This creamy facial soap is infused with rose petals and enriched with nourishing rosehip seed oil, making it perfect for normal to dry skin. Madder root powder gives the soap a soft pink color, while a few drops of geranium and lavender essential oils add just a hint of floral scent. For sensitive facial skin, be sure to look for natural shea butter or goat’s milk soap bases with minimal ingredients and that don’t contain detergents, such as sodium laureth sulfate.A note before you begin. When infusing rose petals in soap, be sure not to use browned petals or pieces of green stems or leaves, as they can add a brown tone to your soap. Don’t infuse rose petals for too long, and make sure to combine them with a colorant, such as madder root, shown here, since roses don’t hold their natural pink or red color in soap.
In a heatproof jar or container, combine the rose petals, madder root, water and soap base and cover it loosely with a canning lid or heatproof saucer. Place the jar in a saucepan containing a few inches (at least 5 cm) of water, forming a makeshift double boiler. Heat over medium-low heat until the soap is melted, 15 to 25 minutes, checking and stirring 2 or 3 times while the base slowly melts.

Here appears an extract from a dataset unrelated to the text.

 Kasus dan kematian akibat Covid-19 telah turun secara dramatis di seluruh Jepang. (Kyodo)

Turn off the heat and remove the jar from the pan. Stir well. Strain the infused soap base through a fine-mesh strainer and into a clean second jar or container to help catch specks of undissolved madder root. Stir in the rosehip seed oil, sunflower oil and essential oils. Mix well. Allow the hot soap to cool to around 135°F (57°C), stirring occasionally.

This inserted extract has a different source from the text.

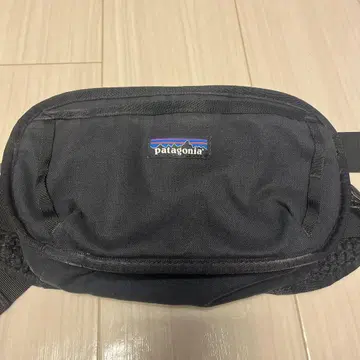 patagonia 바디백 블랙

Carefully pour the melted soap base into the molds. Sometimes, you may notice a layer of speckled madder root powder accumulated in the bottom of the jar. Leave this behind in the jar, to minimize speckling in the final soap. Spray the top of the soap with alcohol to eliminate air bubbles.
Keep the soap in the molds until they’re completely cooled and hardened, 2 to 3 hours, then unmold and wrap them tightly. Store them in a cool, dry place, out of direct sunlight.
Optional: Wrap the bars tightly in shrink-wrap, plastic wrap or cellophane bags. You can also store them in airtight plastic storage containers. Melt-and-pour soap is best used within a year of making, though the soap won’t spoil or go bad after that time. The colors and scent will fade and the soap will eventually dry out, but it will still be usable.